We also can’t require something that isn’t supported by whatever file system a user happens to be using, so it’s possible that that’s the constraint.

Do you have any error messages showing how it actually fails? That will help identify what needs to be updated.

pf_moore · April 8, 2025, 2:58pm

The relevant standard is here.

The file is defined to be UTF-8, so that’s not an issue. Group names are constrained to be " groups of letters, numbers and underscores, separated by dots (regex ^\w+(\.\w+)*$)" but entry point names and object references aren’t constrained (object references must be valid Python identifiers, but that’s a language definition, not a packgaging restriction).

So if the example you propose doesn’t work, it’s likely just a bug in an application. Pip uses either importlib.metadata or pkg_resources to get entry point data, so if it’s happening with pip, I’d assume it’s one of those two implementations (possibly both, although my suspicion would be that it’s pkg_resources, just because that’s a lot older, and was developed before Unicode awareness was as prevalent as it is now).

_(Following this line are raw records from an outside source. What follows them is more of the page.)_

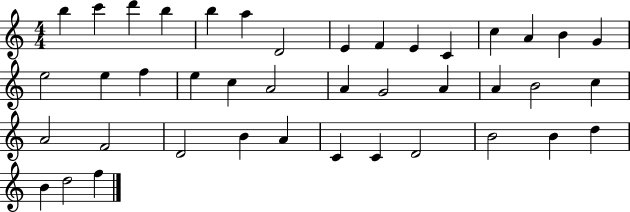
{
  \clef treble
  \numericTimeSignature
  \time 4/4
  \key c \major
  b''4 c'''4 d'''4 b''4 | b''4 a''4 d'2 | e'4 f'4 e'4 c'4 | c''4 a'4 b'4 g'4 | \break e''2 e''4 f''4 | e''4 c''4 a'2 | a'4 g'2 a'4 | a'4 b'2 c''4 | \break a'2 f'2 | d'2 b'4 a'4 | c'4 c'4 d'2 | b'2 b'4 d''4 | \break b'4 d''2 f''4 | \bar "|."
}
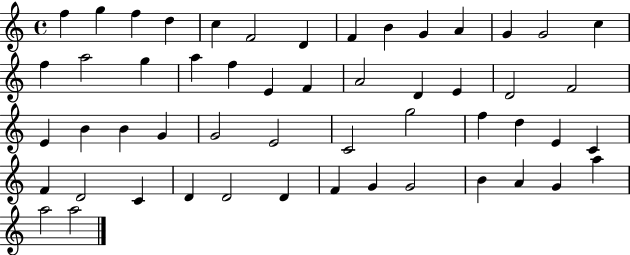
F5/q G5/q F5/q D5/q C5/q F4/h D4/q F4/q B4/q G4/q A4/q G4/q G4/h C5/q F5/q A5/h G5/q A5/q F5/q E4/q F4/q A4/h D4/q E4/q D4/h F4/h E4/q B4/q B4/q G4/q G4/h E4/h C4/h G5/h F5/q D5/q E4/q C4/q F4/q D4/h C4/q D4/q D4/h D4/q F4/q G4/q G4/h B4/q A4/q G4/q A5/q A5/h A5/h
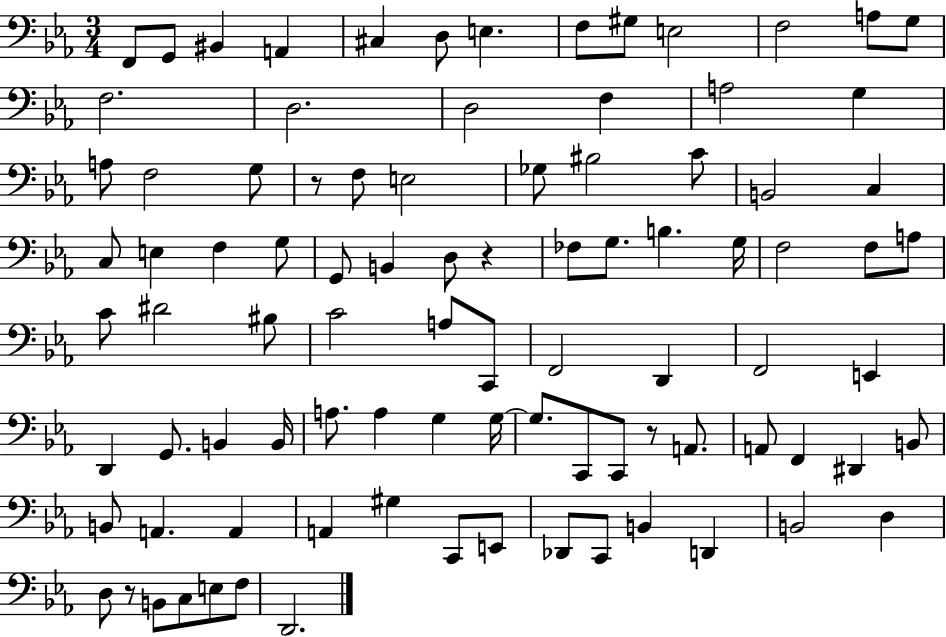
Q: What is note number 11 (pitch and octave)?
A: F3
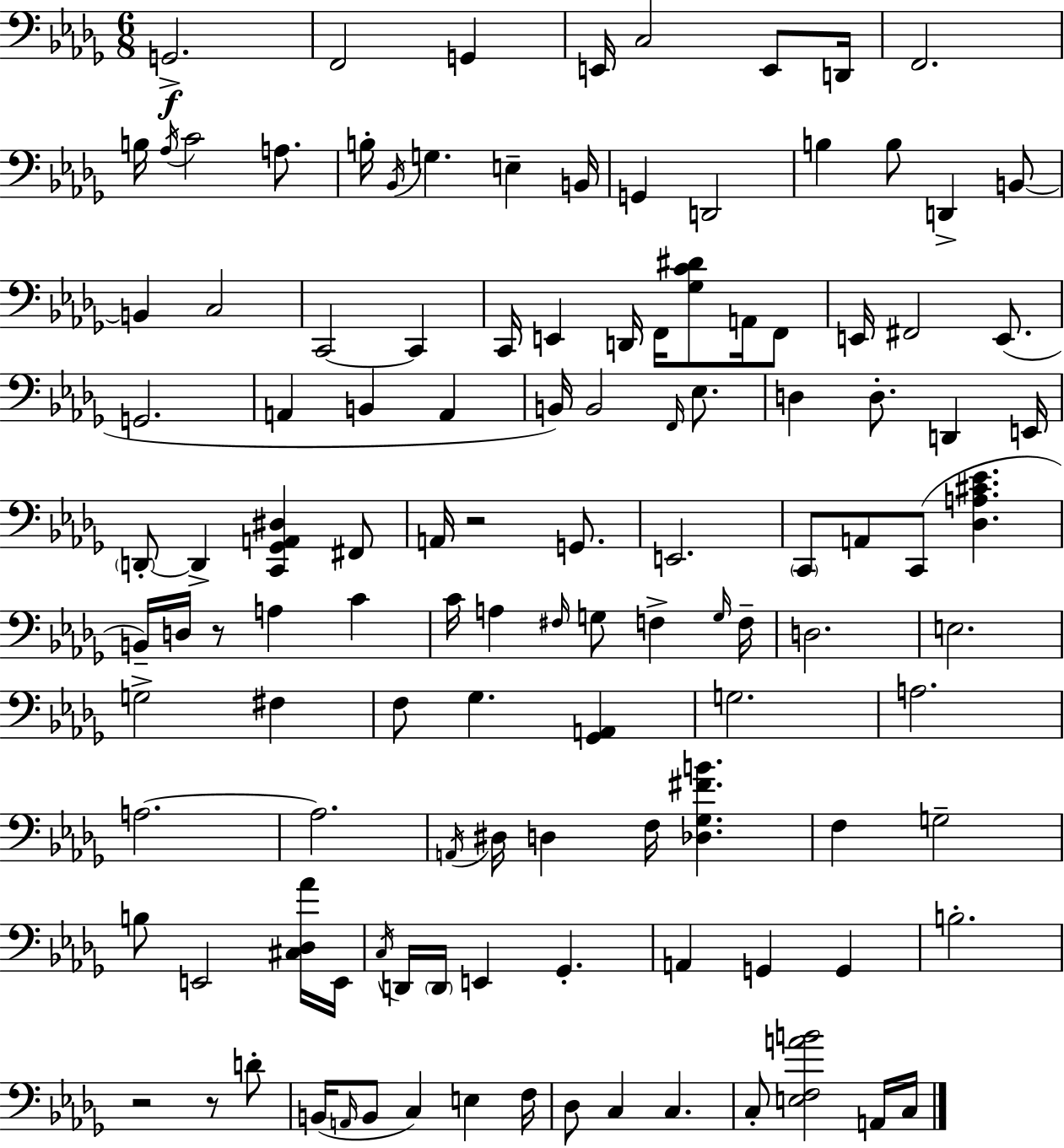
{
  \clef bass
  \numericTimeSignature
  \time 6/8
  \key bes \minor
  g,2.->\f | f,2 g,4 | e,16 c2 e,8 d,16 | f,2. | \break b16 \acciaccatura { aes16 } c'2 a8. | b16-. \acciaccatura { bes,16 } g4. e4-- | b,16 g,4 d,2 | b4 b8 d,4-> | \break b,8~~ b,4 c2 | c,2~~ c,4 | c,16 e,4 d,16 f,16 <ges c' dis'>8 a,16 | f,8 e,16 fis,2 e,8.( | \break g,2. | a,4 b,4 a,4 | b,16) b,2 \grace { f,16 } | ees8. d4 d8.-. d,4 | \break e,16 \parenthesize d,8-.~~ d,4-> <c, ges, a, dis>4 | fis,8 a,16 r2 | g,8. e,2. | \parenthesize c,8 a,8 c,8( <des a cis' ees'>4. | \break b,16--) d16 r8 a4 c'4 | c'16 a4 \grace { fis16 } g8 f4-> | \grace { g16 } f16-- d2. | e2. | \break g2-> | fis4 f8 ges4. | <ges, a,>4 g2. | a2. | \break a2.~~ | a2. | \acciaccatura { a,16 } dis16 d4 f16 | <des ges fis' b'>4. f4 g2-- | \break b8 e,2 | <cis des aes'>16 e,16 \acciaccatura { c16 } d,16 \parenthesize d,16 e,4 | ges,4.-. a,4 g,4 | g,4 b2.-. | \break r2 | r8 d'8-. b,16( \grace { a,16 } b,8 c4) | e4 f16 des8 c4 | c4. c8-. <e f a' b'>2 | \break a,16 c16 \bar "|."
}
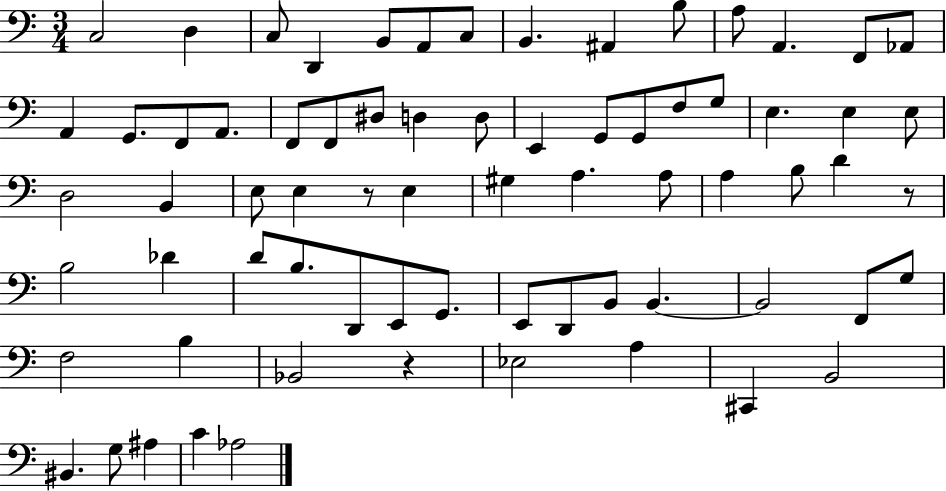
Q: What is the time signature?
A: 3/4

julienmalardadam · April 8, 2025, 2:59pm

Thanks for the feedback! It’s in particular a bug with Python installer ([DO NOT MERGE!] Fix unicode entrypoint issue by julienmalard · Pull Request #254 · pypa/installer · GitHub), but they wanted some community feedback before implementing a fix. It seems that the issue there is mostly a problem with the re module ([DO NOT MERGE!] Fix unicode entrypoint issue by julienmalard · Pull Request #254 · pypa/installer · GitHub).

pf_moore · April 8, 2025, 3:35pm

FWIW, I have confirmed that importlib.metadata handles the entry point you gave correctly:

>>> from importlib.metadata import entry_points
>>> next(iter(entry_points()))
EntryPoint(name='நான்', value='ஓர்.ஒருங்குறி:கட்டளை', group='console_scripts')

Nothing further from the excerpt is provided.